ウイルスDNAのコピー数は頻繁に特定のウイルスのバッチが含んでいるウイルスの粒子の量の概算として使用されます。 しかし、これが感染力にどれだけ対応しているかは不明である。 これを評価するために、TCID5 0値を、それぞれのバッチのウイルスDNAコピー数と比較した。 ウイルスバッチ中のQ-PCR TCID50値に対するウイルスDNA負荷の平均比は、P17およびP19について同様であり、TCID50あたりそれぞれ6.3*105および2.0*106ウイル しかし、P21については、比はかなり高く、TCID50あたり1.3*108ウイルスDNAコピーであった(表1)。 したがって、バッチの上清中のウイルスDNAを測定することは、バッチの感染性を正しく割り当てるには不十分であり、したがって、ウイルス力価を正確
Q-PCR TCID50の変動の平均イントラアッセイ係数(CV)は9%であり、三つのTCID50培養プレートの並列重複抽出およびq-Pcrによって決定された。 眼のTCID50については、イントラアッセイCVは45%であり、二つの独立した評価者によって読み取られた十二TCID50培養プレートの合計によって決定された。 イントラアッセイCVは、二つのランからの細胞の二つの平行染色によって決定されたIFA TCID50のための14%であった。 感染ユニットのアプローチのために、イントラアッセイCVは、一回の実行からの細胞の四つの平行染色によって決定された43%であった。 平均インターアッセイCVは、Q-PCR TCID50のための73%と眼TCID50のための66%であり、それぞれ五、三、三回実行される三つのウイルスバッチについて決定した。 IFA TCID5 0について、インターアッセイCVは2 5%であり、1回のバッチ実行で3回測定した。 感染ユニットアプローチのために、インターアッセイCVは、一つのバッチのための三つの別々の実行によって決定された77%であった。

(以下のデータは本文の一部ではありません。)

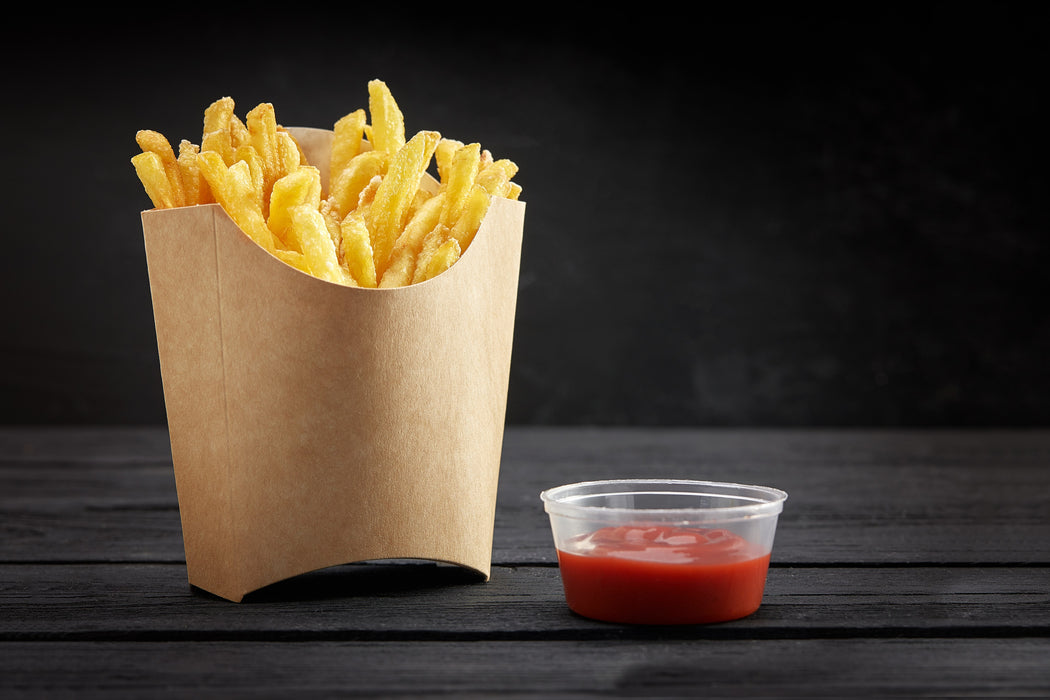 Tasca per patatine fritte in cartone kraft - 11,5 cm x 9 cm x 11 cm - 50 pezzi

要約すると、ここで説明するQ-PCR TCID50法は、ウイルスタンパク質の発現とよく相関し、したがって、感染用量に対して高い特異性を有する。 これは、イントラアッセイCV値に基づいて、眼TCID50、IFA TCID50および感染ユニットアプローチよりも堅牢です。 イントラアッセイCVは、この設定では、特定の読み出しアプローチがいかに正確であるかの尺度であり、従って、異なる方法の比較のための最も正確な値である。 この方法を適応させるためには、試験されたすべてのウイルス株および使用されたすべての細胞株について切断点を決定する必要がある。 Q-PCR読み出しアプローチは、眼検査よりも面倒ですが、私たちの意見では、IFA TCID50と感染ユニットアプローチよりもかなり少ない面倒です。 それは目の点検、IFA TCID50および伝染性の単位のアプローチより実験室資源の点では高いです。 しかし、我々のデータは、コストと労力を保証するかもしれない正確にウイルス力価を決定するために生物学的アッセイを実行することの重要性を強調 さらに、HHV-6フィールド内で使用されるウイルス力価評価方法のより良い標準化は、異なる研究間の一致を高める可能性があります。